Lastly, Ms. Martz asked lawmakers to enact legislation that would support her goal of establishing a “school renewal commission” that would come up with solutions for handling problems in how schools operate along with the state’s existing board of education.

— Mary Ann Zehr

NEW JERSEY

Gov. McGreevey:
Senior Year Lacking

Hoping to make New Jersey high school graduates more tech-savvy, Gov. James E. McGreevey announced in his Jan. 14 State of the State Address that he wants to add a technology-proficiency test to the list of graduation requirements for students there.

“In little more than 20 years, one of every two jobs in New Jersey will demand computer literacy,” he said. The first-term Democrat, however, did not lay out the details of his plan.

Acknowledging that the Garden State faces a $5 billion revenue shortfall in its $23.4 billion fiscal 2003 budget, Mr. McGreevey outlined other plans for education.

For example, he wants to make the senior year of high school more meaningful by giving students who “test out” of required classes the alternative of doing college-level work, performing community service, or participating in internships.

“For many students who have already met their graduation requirements, that year is little more than a rest stop before graduation,” he added.

Gov.

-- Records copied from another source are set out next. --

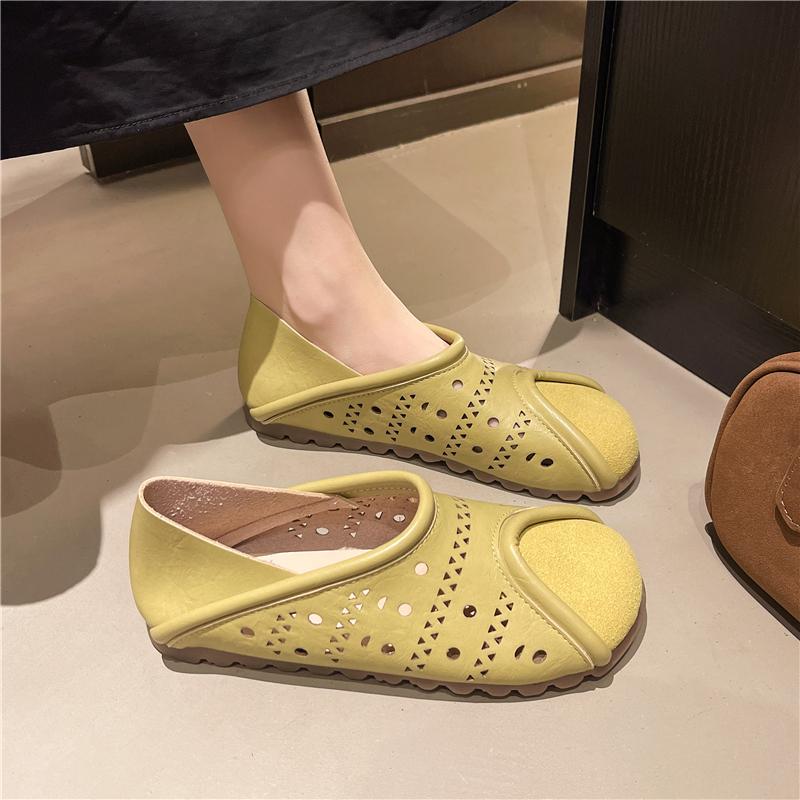 Fashion Single-shoe Women's 2025 New Soft-soled Cutout Two-wear Lazy Shoes with Flat Bottoms and Comfortable Bean-shaped Shoes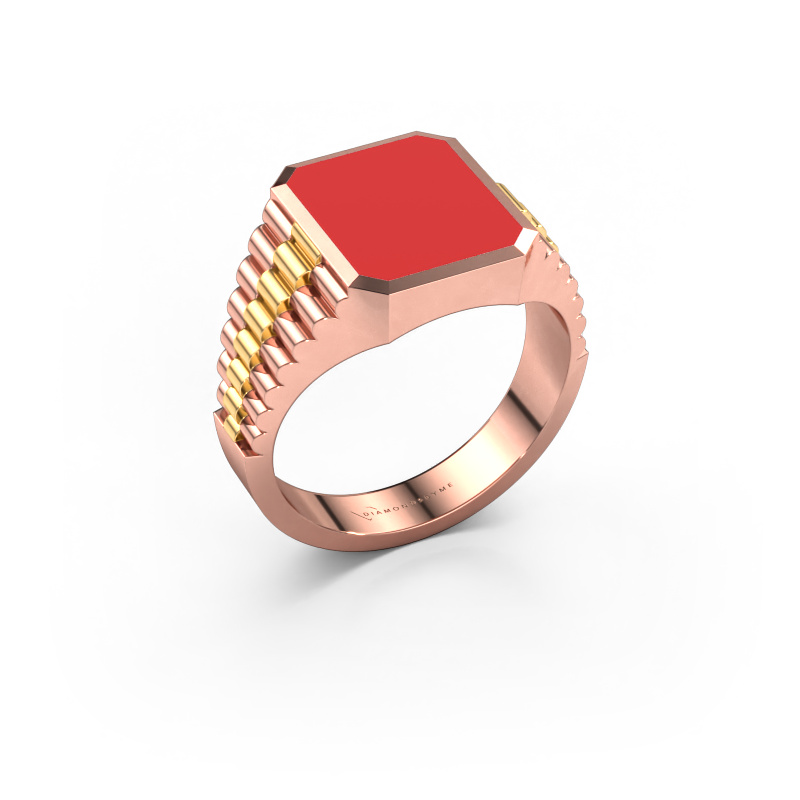 Image of Signet ring Brent 2 585 rose gold Red enamel 12x10 mm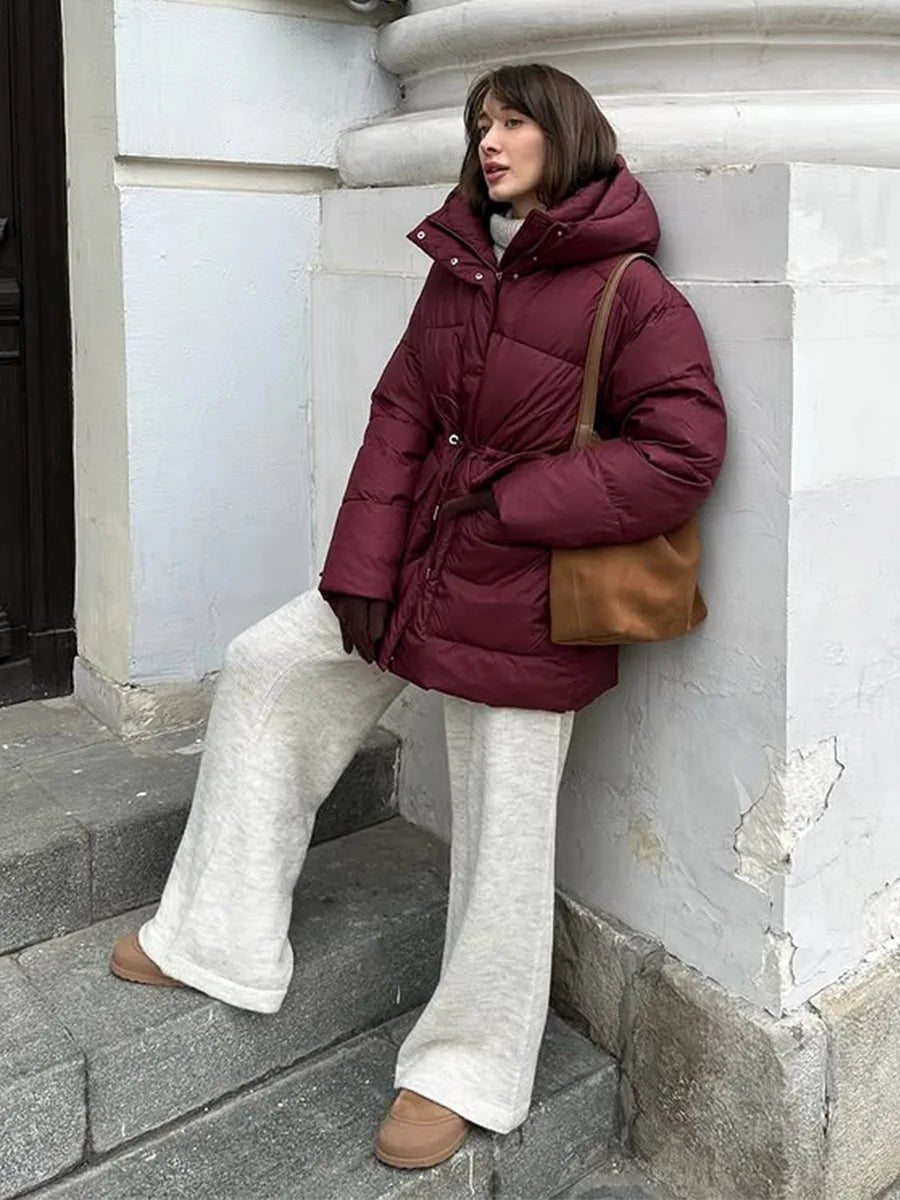 Cappotto imbottito Lorna con cappuccio e coulisse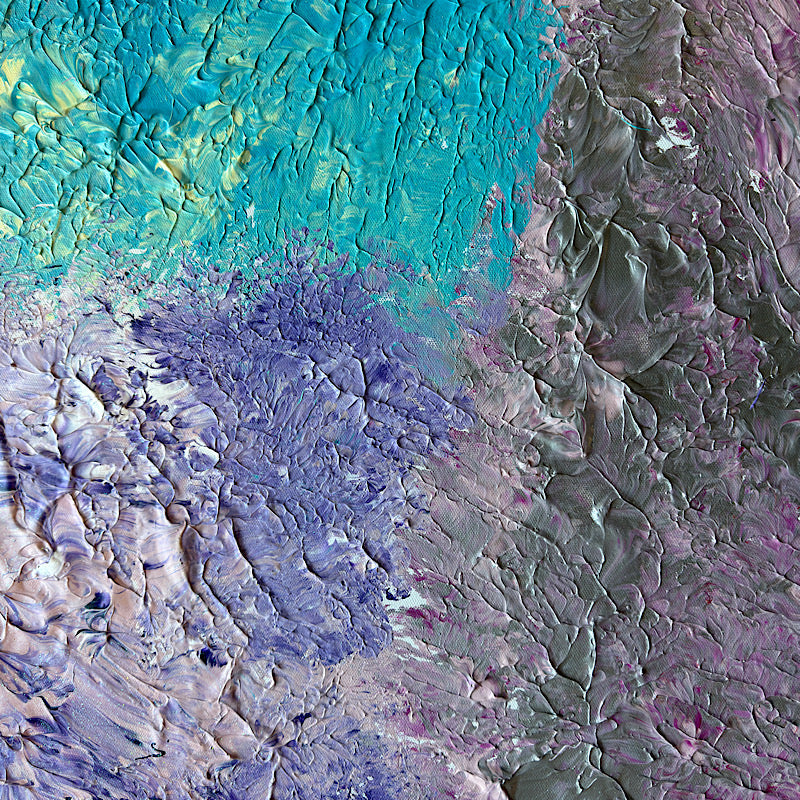 Oceans, Original by Clara Woods — close-up texture detail of the sky blue upper section, thick impasto acrylic brushstrokes with white, red and yellow highlights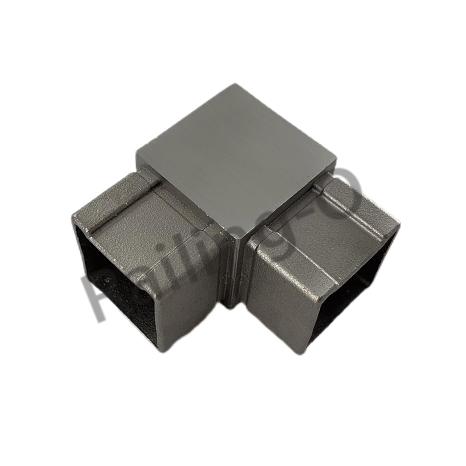 Square 90 degree connector for handrail tube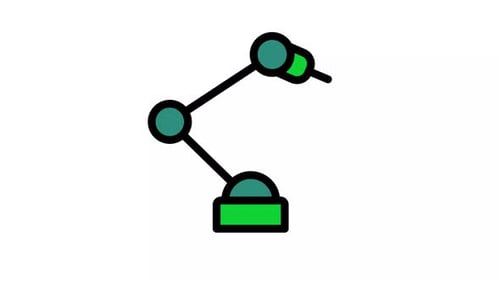 Flat Design Industrial Robotic Arm Animation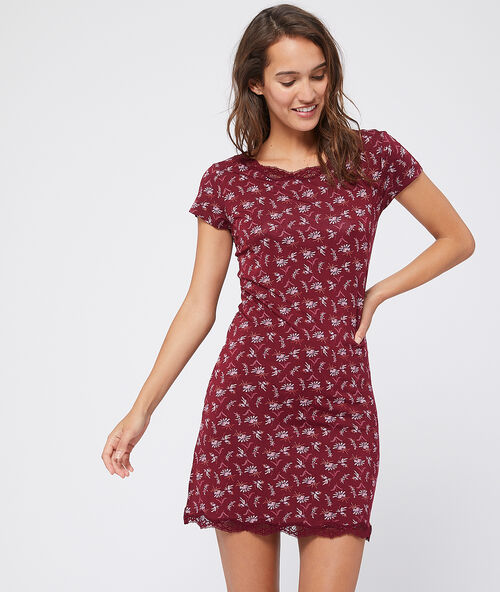 Floral chemise with lace neckline burgundy.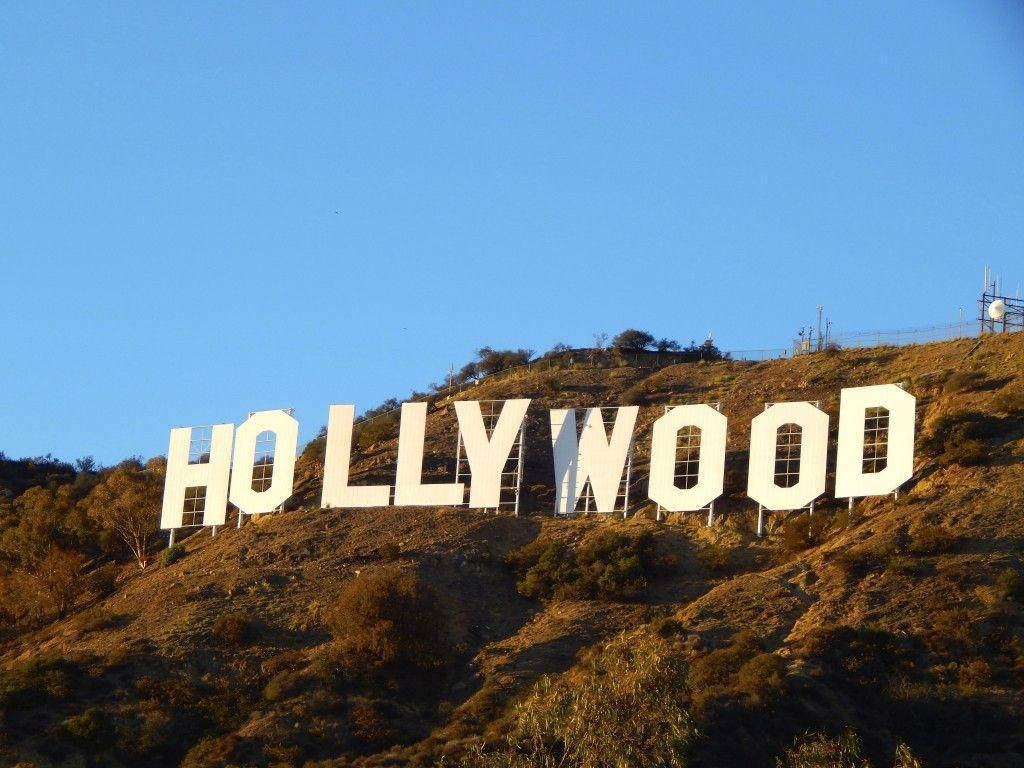 Hollywood Sign Clear Sky Background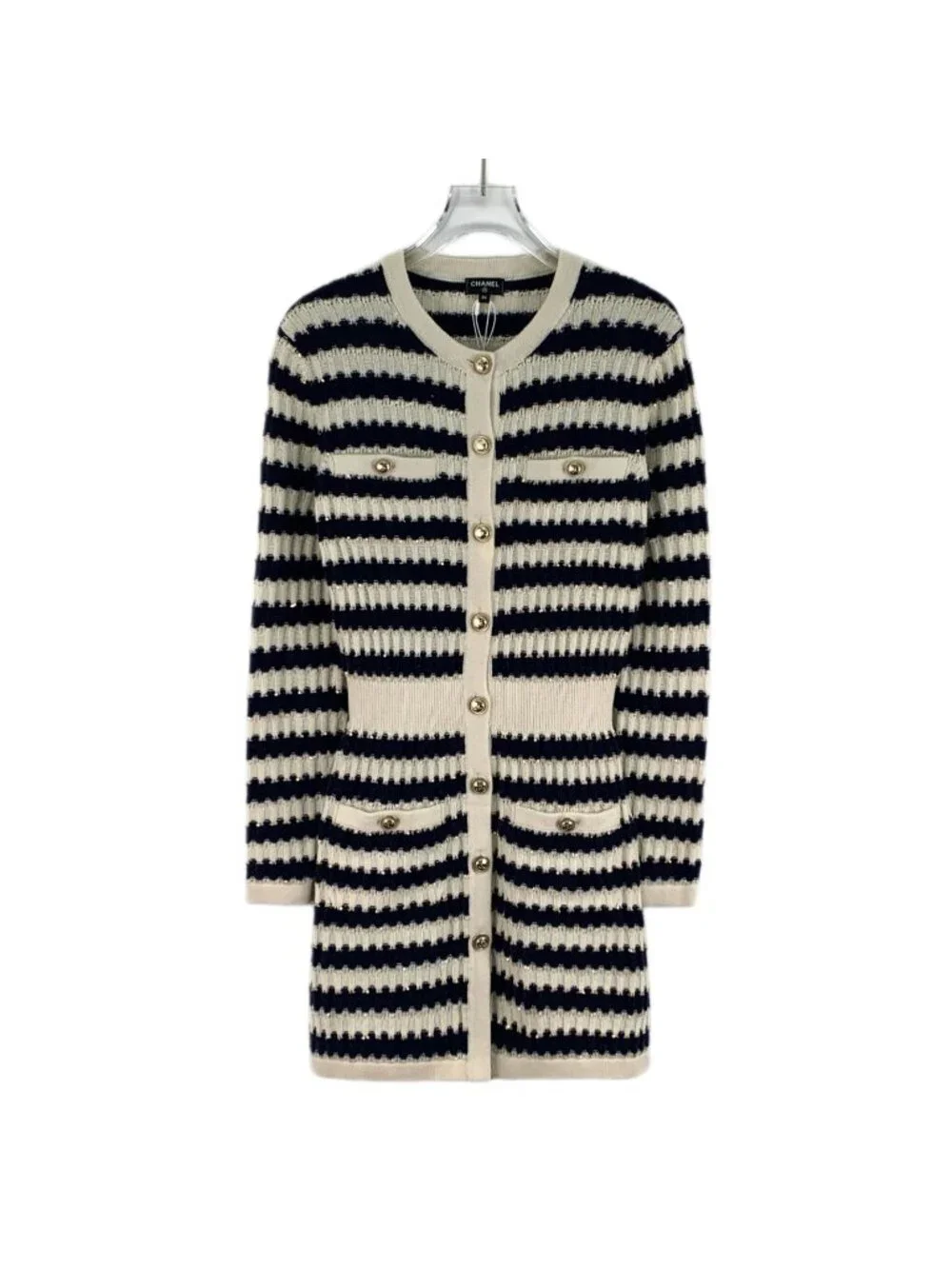 Chanel Color-Block Striped Cashmere Knit Dress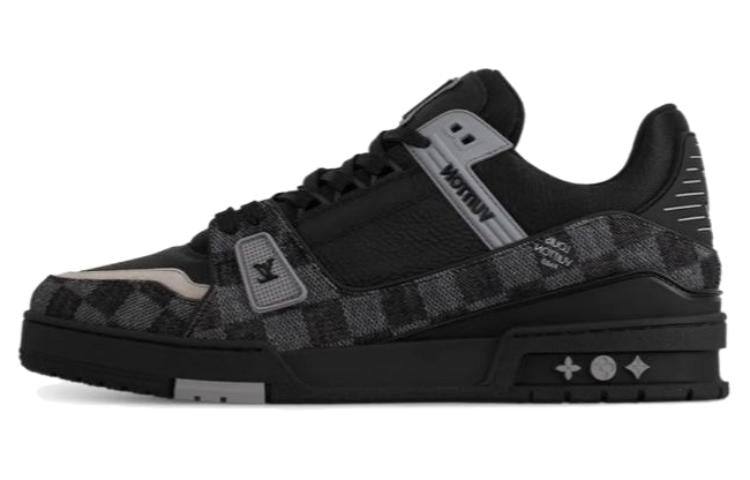 LOUIS VUITTON Trainer Unisex Black & Grey Checkerboard Sneakers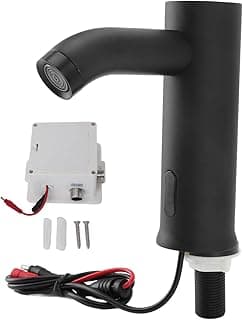Torneira automática preta com sensor infravermelho, sensor branco e controle de fluxo, com fundo branco.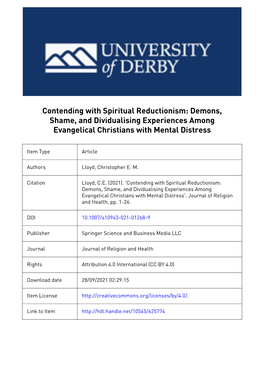 Contending with Spiritual Reductionism: Demons, Shame, and Dividualising Experiences Among Evangelical Christians with Mental Distress
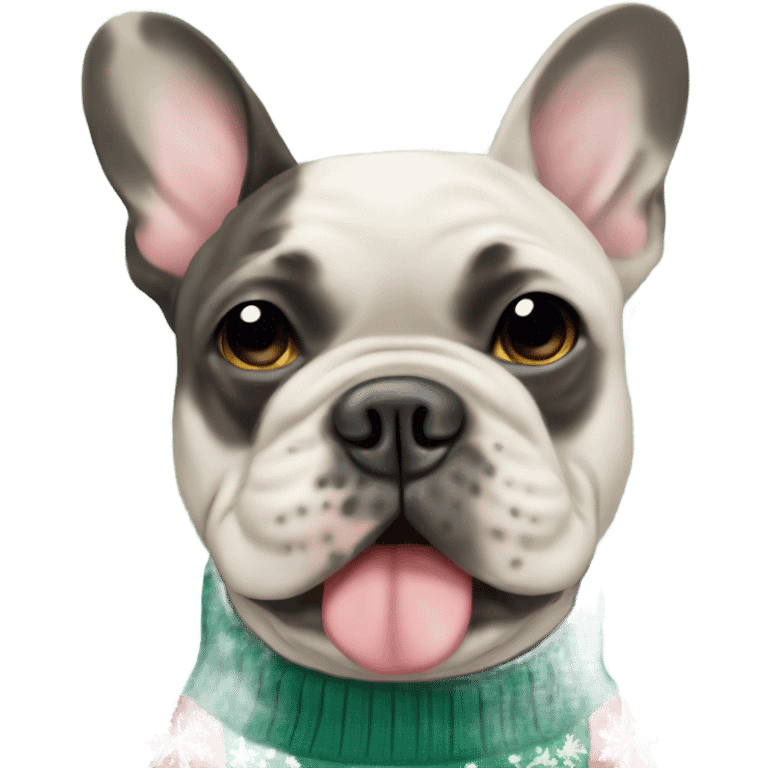 Merle French bulldog wearing Christmas sweater emoji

McGreevey said it was “unacceptable” that a recent national report found that one out of eight high school classes in New Jersey is taught by teachers without even college minors in the subjects they teach.

“We will insist teachers be certified in the subject matter they are teaching,” he added.

In a speech that addressed budget problems, rampant development, and insurance fraud, Gov. McGreevey took time to mention the progress he sees the state making toward his goal of making literacy “the top education priority in New Jersey.”

For example, he said, reading coaches now are in 80 schools, and the Governor’s Book Club continues to provide new books to schools.

“If a child can read, the world is an open book,” he said. “But if they can’t read, that child will never reach his or her potential. And if they don’t make it, neither will the rest of us.”

—Robert C. Johnston

NEBRASKA

‘Free Fall’ in Tax Receipts
Threatens School Funds

In light of falling tax revenues, a state drought of “historic proportions,” and the worst fiscal outlook in almost 20 years, Gov. Mike Johanns recommended in his Jan. 15 State of the State Address cutting state aid to Nebraska schools and special education by 10 percent in the two-year budget that covers fiscal 2004 and 2005.

Gov. Mike Johanns

That cut equals $158.6 million over the next two years. State aid to education this budget year is $793 million.

Higher education and many other state- agency budgets would also be slashed by 10 percent under the governor’s budget plan. His recommendations are “stout fiscal medicine,” Gov. Johanns said, but ones that are absolutely necessary to help fill a $673 million deficit in the proposed $5.2 billion two-year budget.

There has been a “free fall in tax receipts that is worse than the farm crisis of the 1980s,” he told the unicameral legislature. “The tremendous investment in education, human services, and corrections that began more than four years ago was based on revenue projects that dramatically missed the mark. ... It was as if we had spent our way to the edge of a cliff.”

State aid to schools makes up 71 percent of the state’s $905 million in annual aid to local governments. In addition, the governor recommended eliminating $1.9 million from the education department’s budget, $11.7 million from the education of state wards, and $1.3 million from aid for gifted education.

Gov. Johanns recommended a temporary cigarette-tax hike. The 20-cent-per-pack increase would start this July 1 and end in October 2004. The tax would raise an estimated $94 million over the biennium.

Unlike other states, Nebraska cannot borrow money to shore up its budget. Gov. Johanns and the legislature have met four times since October 2001 to deal with revenue shortfalls.